Me: if I was an attacker and had a quantum computer right now, CA root certs would certainly be my first target. Colleague: come on, no Bitcoin for me? Me: fine, after I stole a bunch of Bitcoin and distributed them among the people in this video call, CA root certs would be my next target.
@paul_ipv6@inthehands honestly, I've been wondering that for a while. If there is a masked, unidentified person abducting people in broad daylight, isn't it supposedly the police's job to stop them? I mean could be anyone, without a badge we can't know for sure, after all.
(And I know, expecting the police to actually do their job instead of committing crimes themselves is a tall order, but still)
@neverpanic@soatok tbf, the PQC specs came out about a year ago, and FIPS takes about a year. We'll see a lot more FIPS validated implementations across the board in 2026.
When it comes to crypto agility, have you tried Tink (https://developers.google.com/tink)? It is IMHO the far superior way to solve this issue (full disclosure, it is developed by my team, so I'm extremely biased)
@simo5@neverpanic@soatok this is one of my pet peeve rants: we have signature formats. (Several of them, even). Cryptographic standards define functions that map a collection of byte strings to some other byte strings. Files can store byte strings. What we are somewhat lacking is fully specified public key formats, but even that we have some (Tink defines it's own and can read/write many of the existing formats). The signature should just be the byte string given as the output of the signing algorithm.
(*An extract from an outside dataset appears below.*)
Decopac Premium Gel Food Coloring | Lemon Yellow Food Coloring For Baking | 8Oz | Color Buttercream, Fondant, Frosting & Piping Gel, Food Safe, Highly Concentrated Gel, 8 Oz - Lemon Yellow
It's the public key that needs the information for verifying the signature.
So if I give you a public key (including a definition of the full algorithm used, all the hash functions and security parameters etc), then you can verify a signature.
If you want crypto agility, then the thing you need is support for key sets, i.e. multiple, equally trusted keys. That allows you to add, promote, and delete keys in a distributed environment. You have two options for the signature format in this case (and Tink supports both): either you keep the unmodified signature, try all public keys and call the signature verified if it verified under one of the public keys (great for comparability), or you put a short and meaningless identifier in front of the signature, which allows you to directly jump to the right public key. Better performance, but not compatible with libraries that don't support key sets in the same way.
In both cases, this composite algorithm retains EUF-CMA/SUF-CMA as long as all keys in the key set are trusted and have EUF-CMA/SUF-CMA.
Interestingly, pretty much all other types of signature formats, such as JWT (and as far as I know PGP) violate EUF-CMA and definitely violate SUF-CMA, so I argue (fairly strongly, given all the attacks due to these violations), that the Tink way of supporting key sets and signatures is the correct approach.